Para o interno Willian, a educação é uma forma de dar direção às pessoas que entraram cedo no mundo do crime.
“O estudo ajuda a abrir a mente, seja a escola, curso profissionalizante, porque, assim como eu, muita gente não tem uma profissão definida, entrou cedo na vida do crime, terminou se perdendo e não teve uma qualificação”, falou.
“Se tivessem mais cursos profissionalizantes, [as pessoas] teriam essa oportunidade, porque a mente começa a abrir para outros mundos com relação a essa ilusão do crime e a ter uma profissão, um trabalho. E, consequentemente, não ter a desculpa de dizer que voltou para o crime porque não sabia fazer nada. Você tem um trabalho, aprendeu a fazer alguma coisa, então diminui a possibilidade do cara reincidir”, acrescentou.
Para Liana Resende, pedagoga do Conjunto Penal de Lauro de Freitas, a educação e o trabalho são os melhores caminhos para tirar os internos da situação de cárcere. “Eles vêm com a mente totalmente voltada para o crime e, cabe a nós que trabalhamos com a ressocialização, tentar mudar a história. Os internos, quando estão no cárcere, mesmo eles tendo cometido um crime, não aceitam que estejam aqui, que estejam pagando pelo crime”, afirma.
A pedagoga diz que a pena faz parte do processo de ressocialização, para que o interno entenda que seus atos têm consequência, no entanto, não há motivo para penalizar o preso ainda mais.
“A gente sabe que, na ressocialização, ele tem que entender que tem que ter o castigo, que foi o que ele cometeu lá fora. Mas dentro disso, eu vou castigá-lo mais ainda no cárcere? Não. Eu vou dar a oportunidade para que ele venha a entender que aquela vida que ele estava levando lá fora não vai levar a lugar nenhum. Aqui dentro é uma oportunidade que ele vai ter de transformar, de modificar aquele pensamento voltado para o mundo do crime. Para que ele venha a estudar, a trabalhar, ele venha realmente ressocializar”, acrescenta.

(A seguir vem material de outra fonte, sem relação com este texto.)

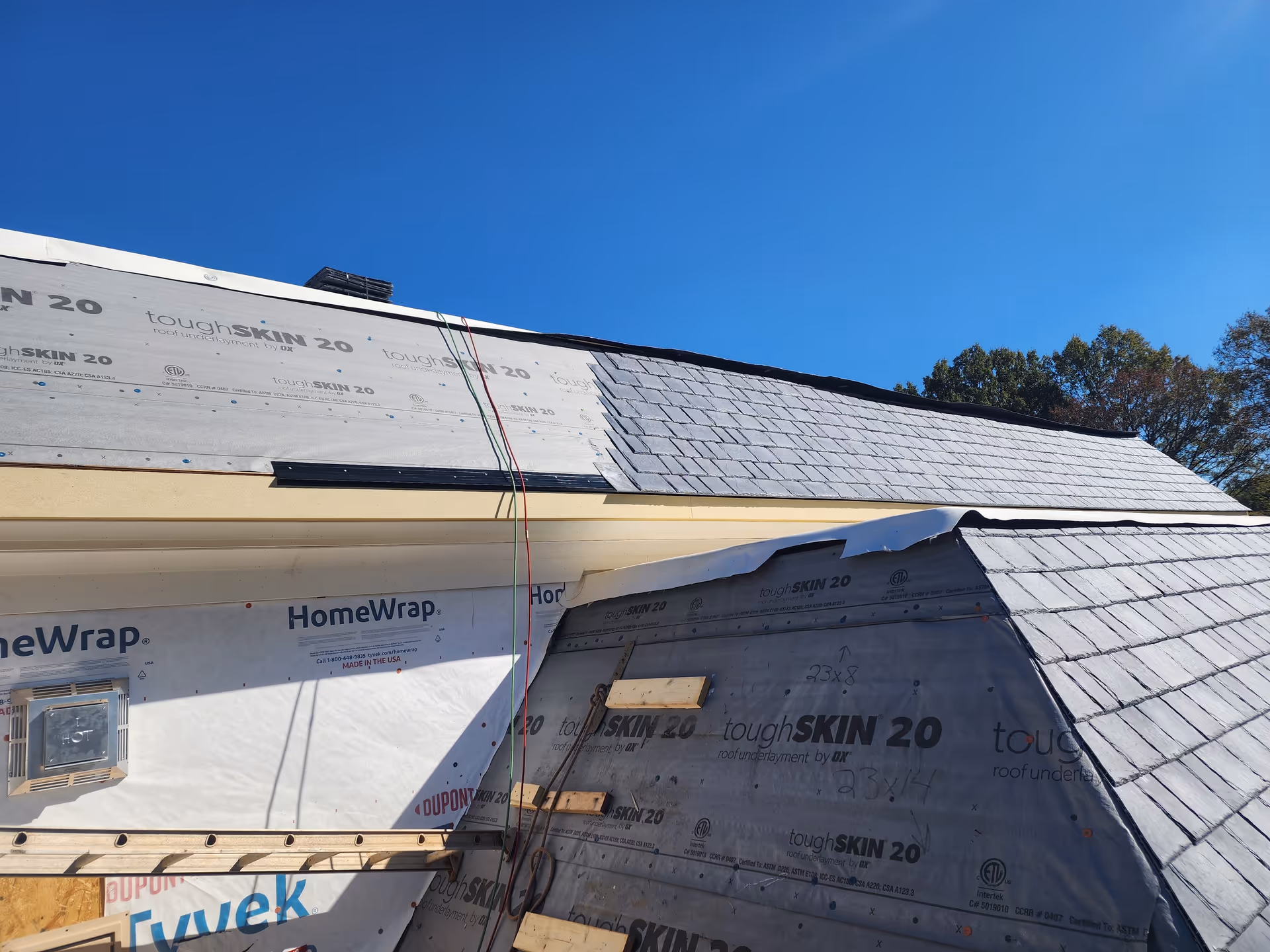 Roof of a building under construction with exposed underlayment and shingles.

O superintendente Bacildes Terceiro destaca que a questão educacional nas unidades prisionais baianas é motivo de orgulho para ele. “As pessoas não conhecem, mas nas unidades prisionais, em todas elas, funcionam escolas. Nós temos escola municipal e escola estadual. Na unidade de Itabuna, por exemplo, que é o nosso grande modelo de ressocialização, um presídio que funciona à base de ressocialização, de 840 internos, 624 estão estudando em sala de aula”, afirmou.
Ainda de acordo com o superintendente de Ressocialização Sustentável foi implementada também a educação superior nos presídios baianos.
“Isso para nós é fantástico, fabuloso! Existe ensino superior nos presídios. Hoje nós temos em Itabuna, Teixeira de Freitas, Valença, em algumas unidades”, revela Bacildes, que destaca que a maioria dos cursos é voltada para a área de engenharia e ciências exatas.
“A educação de nível superior é à distância. O que é que a gente articulou, principalmente com a Universidade Federal do Sul da Bahia, que é onde tem o maior número de alunos: vamos tentar colocar os primeiros 40% desses cursos à distância. Então a gente organiza no Infocentro uma televisão grande, com um professor, que hoje é uma turma exclusiva para eles, pela quantidade de alunos, e os alunos estão assistindo aula”, explica.
Para o superintendente, o sucesso da reinserção dos presos à sociedade depende muito das oportunidades que são oferecidas a eles. “A gente costuma dizer que, para a ressocialização, só precisa dar uma ‘ousadiazinha’ e deixar ela funcionar, porque a coisa realmente é uma onda”, diz.